Acabo de pasar estos días en Coruña, una ciudad que estéticamente me ha dicho nada, y gastronómicamente, mucho. Igual que no fui capaz de encontrar algo que me dijera aquí me gustaría vivir, no hubo un sitio donde comiera que dijera aquí no podría comer. El estómago versus el sentido de la belleza.
Nos hizo buen tiempo, ayer ya empeoró bastante, el clima supongo que es como el caracter asociado a los gallegos que no se sabe si va o viene. De todas formas, como Logroño, es una ciudad en la que no me gustaría vivir el gris puede ser elegante pero el cielo de mi Málaga, es como un zafiro en medio de un montón de baratijas. Y supongo que a los gallegos, le gustara más Galicia, es normal, porque al final, no son las vistas, son las percepciones, son las emociones, las que determinan donde queremos vivir.

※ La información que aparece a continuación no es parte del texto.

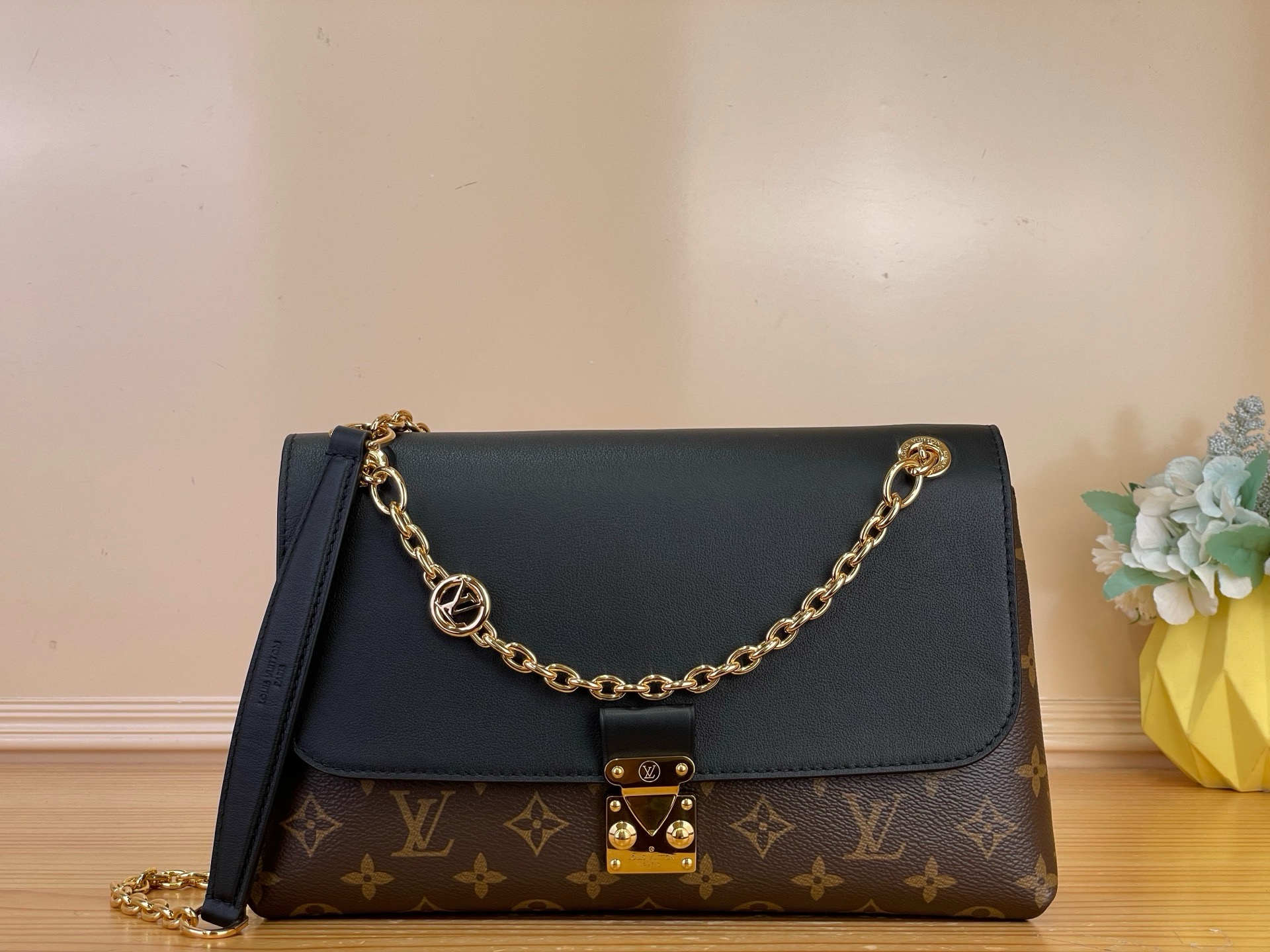 NO:894050,Top Original [Madeleine M Handbags] m28610 Presbyopia/Black m28611 Presbyopia/Brown The original Madeleine tote is reimagined with an elegant sliding chain, offering a versatile styling option. Inspired by the 2019 Georges SJ designs, this version is crafted from a sophisticated fusion of iconic Monogram canvas and timeless black leather, and is embellished with gold hardware, including jewel-like LV  Circle charm. Inside there is a zipper pocket and two compartments for storing valuables. Size 29-18-10.5 cm 5817065,, louis vuitton19860909顶级原单【Madeleine M 手袋】 m28610 老花/黑色 m28611 老花/棕色 原版的玛德琳手提包用优雅的滑动链重新设计,提供多功能的造型选择.受2019年Georges sj设计的启发,这个版本由标志性的Monogram帆布和永恒的黑色皮革的精致融合制成,并装饰着金色的硬件,包括珠宝般的LV Circle吊饰.里面有一个拉链口袋和两个隔间,用于存放贵重物品. 尺寸29-18-10.5 cm 5817065,,louis vuitton,Bag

También estuve en Redes, me tomé un Bloody Mary en la casa donde Almodóvar grabó Julieta, cosas pintorescas que se te presentan, pero hay que socializar y sigo pensando que eso no es lo mío, y que por ello, profesionalmente no voy a llegar lejos. No se puede llegar lejos en un país donde para triunfar es necesario ser enchufado. Luego comimos en una casa contigua, unas escaleras bajan al mar cuando la marea está alta, no a la playa, al mar, podrías sentarte y que tus pies toquen el agua, es una de esas maravillas que un «desarrollo» inmobiliario atroz hizo en su momento, pero que hacen que los afortunados disfruten de una maravilla posteriormente, los anfitriones fueron encantadores, la comida buena. Me sorprendió que dos personas llegaran en un kayak, subieran a casa, se tomaran un café mientras los dueñios estaban echándose la siesta y se marcharan. Este grado de confianza, me extranó y al mismo tiempo me maravilló, como cuando estas malo en la infancia y tu madre se pasa para ver como estás, un grado de confianza infinito, de saber que pase lo que pase, estarán ahí.